### Which weight initializer is used when?

* **Xavier/Glorot Initialization**: Used when we use Sigmoid or Tanh Activation Function.


* **He Initialization**: Used with ReLU.

We have 2 types of both normal and uniform. Perform trail and test and then select better one.

* Proper weight initialization can help the neural network learn from the data in a more efficient way. 


* There are many different weight initialization techniques available. The best technique to use depends on the specific task and the architecture of the ANN.


* It is important to experiment with different weight initialization techniques to see which one works best for your particular task.

### Which Activation Function is to apply in which layer and when?

* **Regression**: ReLU + Linear


* **Binary Classification**: ReLU + Sigmoid


* **Multi-Class Classfication**: ReLU + Softmax


**`Note`**: There is no such rule that always always these comobinations. Perform trail and error to choose better combination than this.

### Q) Batch normalization is used ANN and when with code and best practice to apply batch normalization?

Yes, batch normalization can be used in Artificial Neural Networks (ANNs). In fact, batch normalization was originally introduced for feedforward ANNs and has since been widely adopted in various neural network architectures.

**Steps**:-

1) Input data (features) are fed into the layer.


2) The layer applies a linear transformation (weights and biases) to the input data.


3) Batch Normalization is applied.


4) The output of the linear transformation is passed through an activation function, producing the activations of the layer.


**`Best Practice`**:-

**Apply Batch Normalization after Every Hidden Layer (or Almost All)**

**Avoid Batch Normalization in the Output Layer**

In [None]:
import tensorflow as tf

model = tf.keras.Sequential([
    tf.keras.layers.Dense(128, input_shape=(input_dim,)),
    tf.keras.layers.BatchNormalization(), 
    tf.keras.layers.Activation('relu'),    
    
    tf.keras.layers.Dense(64),
    tf.keras.layers.BatchNormalization(), 
    tf.keras.layers.Activation('relu'),
    
    tf.keras.layers.Dense(output_dim, activation='softmax')  
])


model.compile(loss='categorical_crossentropy', optimizer='adam', metrics=['accuracy'])
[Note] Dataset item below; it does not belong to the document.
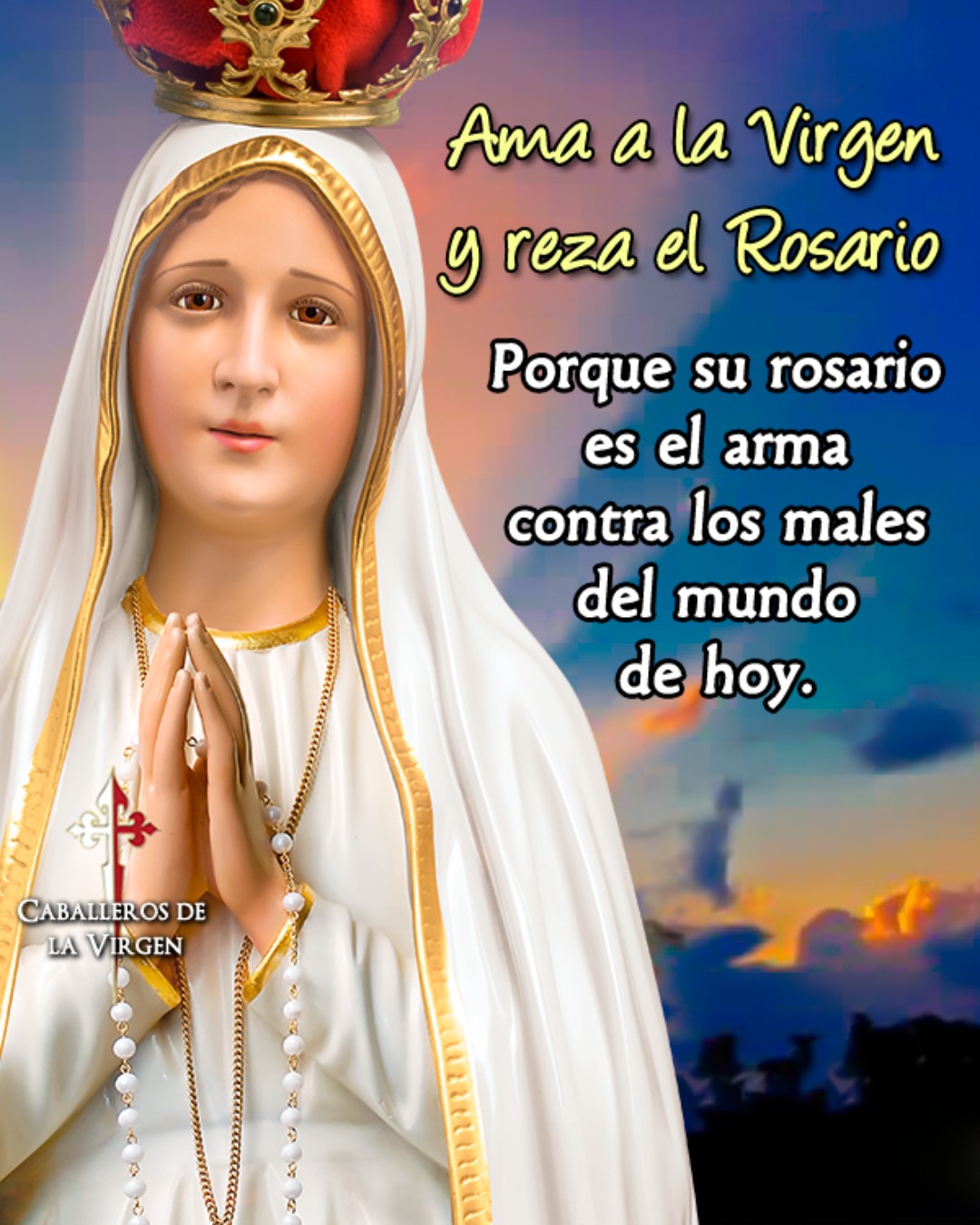 Caballeros de la Virgen on Twitter: Caballeros de la Virgen on Twitter:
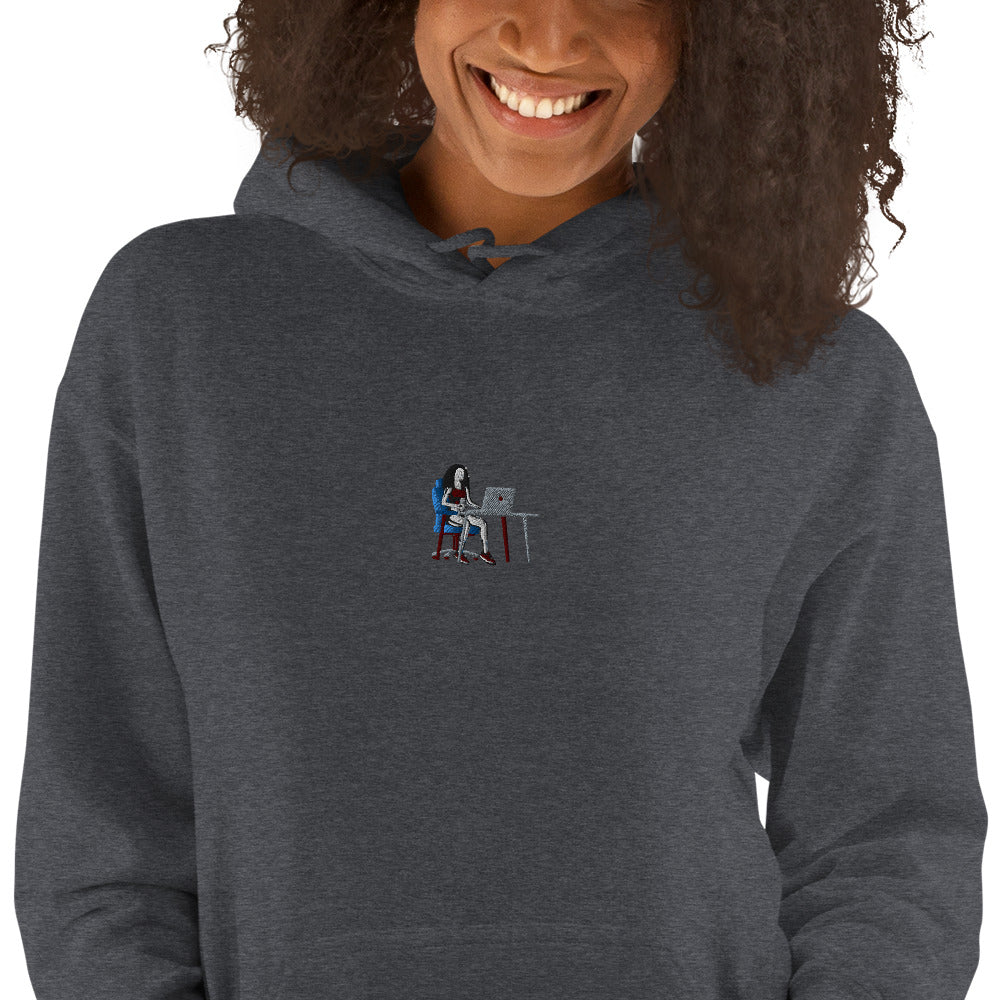 Grind & Stay Fit Solo Woman Hoodie (Click To See The Other Colors)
model.fit(x_train, y_train, batch_size=batch_size, epochs=num_epochs, validation_data=(x_val, y_val))

### Which optimizer is best in which case?

90% time we are using 'Adam' Optimizer in all problem statements. Perform trail and error to choose better optimizer.

### Q) How to specify number of neuron in each layer?

**Input Layer**: Number of neurons are equal to number of independent feataures in dataset.


**Hidden Layer**: In first hidden layer number of neurons are equal to neurons in input layer and second hidden layer neurons are half of first hidden layer and like this. But their is no such rule that always apply this technique perform trail and error also.


**Output Layer**: In case of regression and binary classification number of neurons in output layer is one and in case of multi-class classification and image data number of neurons in output layer is depennd on number of categories in dependent variabl.

### Calculate Loss by which loss function?

* **Regression**: MSE, MAE, Huber Loss
    
    
* **Binary Classification**: Binary Cross Entropy


* **Multi-Class Classfication**: Categorical Loss Entopy


* **Image Data**: Sparse Categorical Entopy



### Good Practice for Dropout percentage.


**Smaller layers**: Use a lower dropout percentage, such as 0.1 or 0.2.


**Larger layers**: Use a higher dropout percentage, such as 0.3 or 0.4.


**More complex tasks**: Use a higher dropout percentage.


**Less training data**: Use a higher dropout percentage.

### `Notes`:

* While working on image data we first scale matrix of data. We can scale manually and we have libraries also then we convert matrix of image data into 1D array by using .reshape function of numpy and then build neural network of it.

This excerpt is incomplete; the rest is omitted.